§ Stored data:
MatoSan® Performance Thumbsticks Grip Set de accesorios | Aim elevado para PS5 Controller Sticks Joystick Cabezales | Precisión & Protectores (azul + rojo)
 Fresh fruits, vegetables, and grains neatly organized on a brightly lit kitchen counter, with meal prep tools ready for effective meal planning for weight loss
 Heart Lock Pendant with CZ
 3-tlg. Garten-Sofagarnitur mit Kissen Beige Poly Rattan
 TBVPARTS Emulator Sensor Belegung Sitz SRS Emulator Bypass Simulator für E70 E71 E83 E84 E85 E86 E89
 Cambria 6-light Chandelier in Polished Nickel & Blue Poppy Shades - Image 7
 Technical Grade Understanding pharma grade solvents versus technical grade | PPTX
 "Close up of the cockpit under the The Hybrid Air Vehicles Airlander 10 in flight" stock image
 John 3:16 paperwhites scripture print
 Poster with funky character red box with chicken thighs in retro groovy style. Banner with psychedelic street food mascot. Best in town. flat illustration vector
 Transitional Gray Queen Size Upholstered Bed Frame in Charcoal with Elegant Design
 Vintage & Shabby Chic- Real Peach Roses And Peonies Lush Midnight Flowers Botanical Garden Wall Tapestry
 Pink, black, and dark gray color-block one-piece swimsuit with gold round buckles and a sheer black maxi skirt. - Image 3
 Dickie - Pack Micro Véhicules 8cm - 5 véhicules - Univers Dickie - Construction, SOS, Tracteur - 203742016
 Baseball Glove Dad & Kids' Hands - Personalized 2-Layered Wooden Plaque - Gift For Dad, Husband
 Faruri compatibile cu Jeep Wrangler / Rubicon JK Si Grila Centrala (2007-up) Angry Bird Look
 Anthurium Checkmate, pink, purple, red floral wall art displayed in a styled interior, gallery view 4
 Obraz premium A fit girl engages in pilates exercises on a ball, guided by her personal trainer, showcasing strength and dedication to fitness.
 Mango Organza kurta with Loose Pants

§ AIM OF THE TASK: Word for word, repeat the line holding "3-tlg. Garten-Sofagarnitur mit" and all lines after it through the end of the entries above.

§ RESULT OF THE TASK:
 3-tlg. Garten-Sofagarnitur mit Kissen Beige Poly Rattan
 TBVPARTS Emulator Sensor Belegung Sitz SRS Emulator Bypass Simulator für E70 E71 E83 E84 E85 E86 E89
 Cambria 6-light Chandelier in Polished Nickel & Blue Poppy Shades - Image 7
 Technical Grade Understanding pharma grade solvents versus technical grade | PPTX
 "Close up of the cockpit under the The Hybrid Air Vehicles Airlander 10 in flight" stock image
 John 3:16 paperwhites scripture print
 Poster with funky character red box with chicken thighs in retro groovy style. Banner with psychedelic street food mascot. Best in town. flat illustration vector
 Transitional Gray Queen Size Upholstered Bed Frame in Charcoal with Elegant Design
 Vintage & Shabby Chic- Real Peach Roses And Peonies Lush Midnight Flowers Botanical Garden Wall Tapestry
 Pink, black, and dark gray color-block one-piece swimsuit with gold round buckles and a sheer black maxi skirt. - Image 3
 Dickie - Pack Micro Véhicules 8cm - 5 véhicules - Univers Dickie - Construction, SOS, Tracteur - 203742016
 Baseball Glove Dad & Kids' Hands - Personalized 2-Layered Wooden Plaque - Gift For Dad, Husband
 Faruri compatibile cu Jeep Wrangler / Rubicon JK Si Grila Centrala (2007-up) Angry Bird Look
 Anthurium Checkmate, pink, purple, red floral wall art displayed in a styled interior, gallery view 4
 Obraz premium A fit girl engages in pilates exercises on a ball, guided by her personal trainer, showcasing strength and dedication to fitness.
 Mango Organza kurta with Loose Pants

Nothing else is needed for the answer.